The Supreme Court granted review of the case, Gill v. Whitford, and heard oral arguments in October 2017. Many thought it would be a vehicle for the Court to declare partisan gerrymandering unconstitutional. But in June 2018, the Court reversed the lower court on procedural grounds, holding that the plaintiffs failed to prove that they lived in districts that had been affected by partisan gerrymandering. The Court sent the case back to the lower court to give the plaintiffs the chance to do this. The issue is sure to come back to the Supreme Court, though with Brett Kavanaugh succeeding Anthony Kennedy on the bench, it is harder to see a majority of the justices concluding that partisan gerrymandering is unconstitutional. Perhaps, as in Pennsylvania, a state court might find gerrymandering to violate its state constitution, but this is unlikely to happen in many places.
Nonetheless, there is strong public support for eliminating partisan gerrymandering. A Harris Poll found that more than seven in ten Americans believe (71 percent, with 48 percent strongly so) “that those who stand to benefit from redrawing congressional districts should not have a say in how they are redrawn.” The Harris Poll revealed “comparable views when compared by both political affiliation” (74 percent of Republicans, 73 percent of Democrats, and 71 percent of independents) and “underlying political philosophy” (69 percent conservative, 71 percent moderate, and 73 percent liberal). Indeed, partisan gerrymandering long has been condemned. As a brief that historians filed in the Supreme Court explained: “Contrary to some misconceptions, although partisan gerrymanders have occurred at various times, they never have been regarded as an acceptable feature of American democracy. Rather, consistently since its inception, partisan gerrymandering has been forcefully denounced as unconstitutional, as a form of corruption that threatens American democracy, and as an infringement on voters’ rights.”

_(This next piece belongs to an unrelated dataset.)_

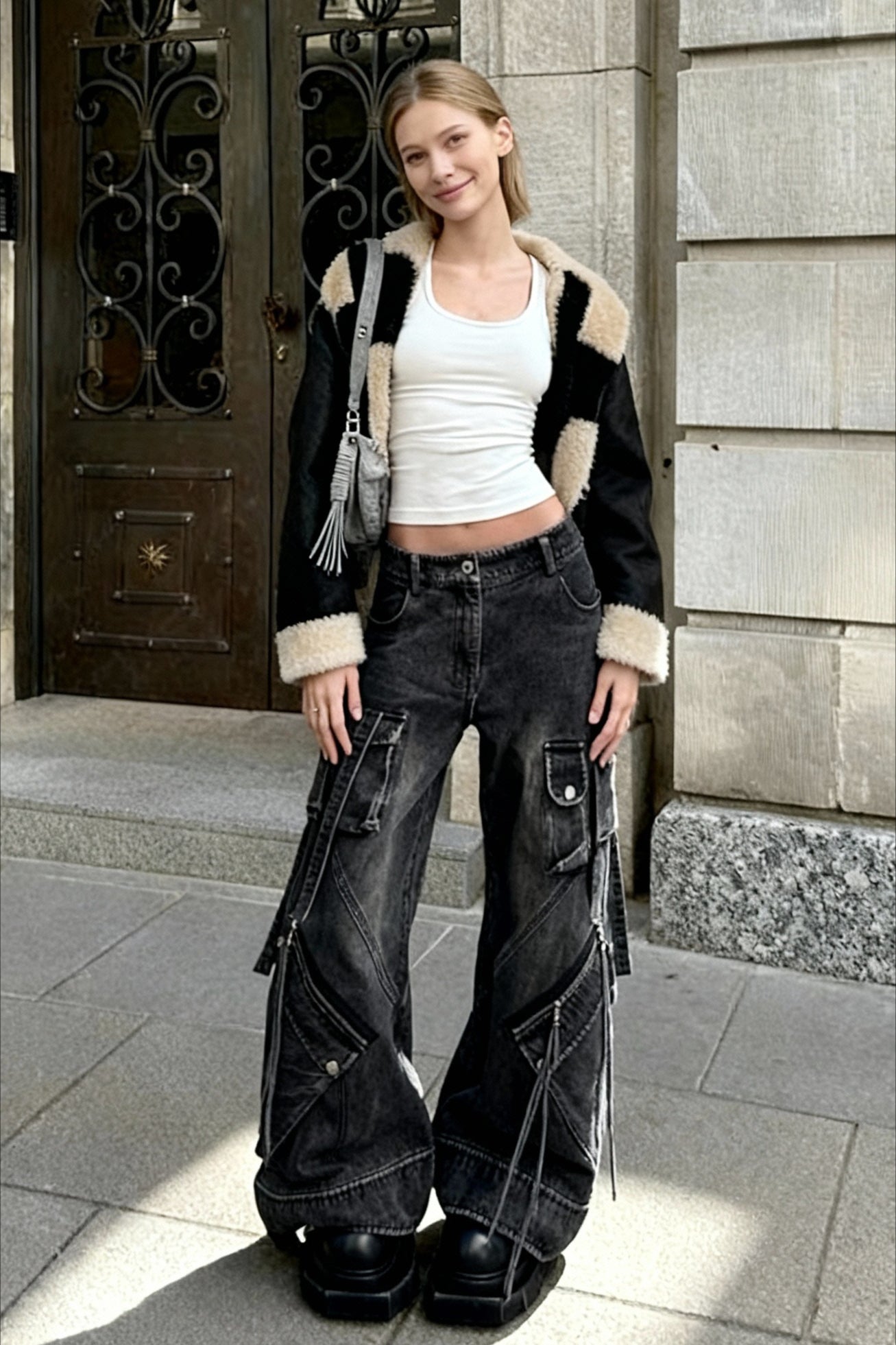 Cleansed Medieval Dark Loose Pant Main image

But as with the Electoral College and the malapportionment of legislatures before the one-person, one-vote court rulings, the legislative process will not fix the problem. Legislators who benefit from partisan gerrymandering are not about to vote for an alternative election system that has a likelihood of taking them and their political party out of power.
Partisan gerrymandering is undesirable whether done by Democrats or Republicans. The Supreme Court should hold that challenges to it can be heard in the federal courts and explain that districting is unconstitutional when it disproportionately favors a political party with no other explanation besides partisanship. This is a chance for the Court to take a huge step to having our democratic process work.
In recent years, some states have removed the redistricting function from legislatures. California and Arizona are among a minority of states where voters, through the initiative process, have established independent commissions to draw election districts. In this year’s midterm elections, voters in Michigan, Missouri, Colorado, and Utah voted to establish such commissions, too. Justice Ginsburg, writing for the Court in Arizona State Legislature v. Arizona Independent Redistricting Commission (2015), explained that independent redistricting commissions are desirable because they “impede legislators from choosing their voters instead of facilitating the voters’ choice of their representatives.” Of course, that decision, upholding independent districting commissions for congressional seats, was decided on a 5-to-4 vote, with Justice Kennedy in the majority. Now that he’s retired, the Court conceivably could revisit that ruling.
Partisan gerrymanders and the Electoral College make a mockery of the notion that the United States is a functioning democracy. We have lived with these mockeries for far too long. They can be eliminated, or at minimum, they can be significantly scaled back. It can be done. It must be done.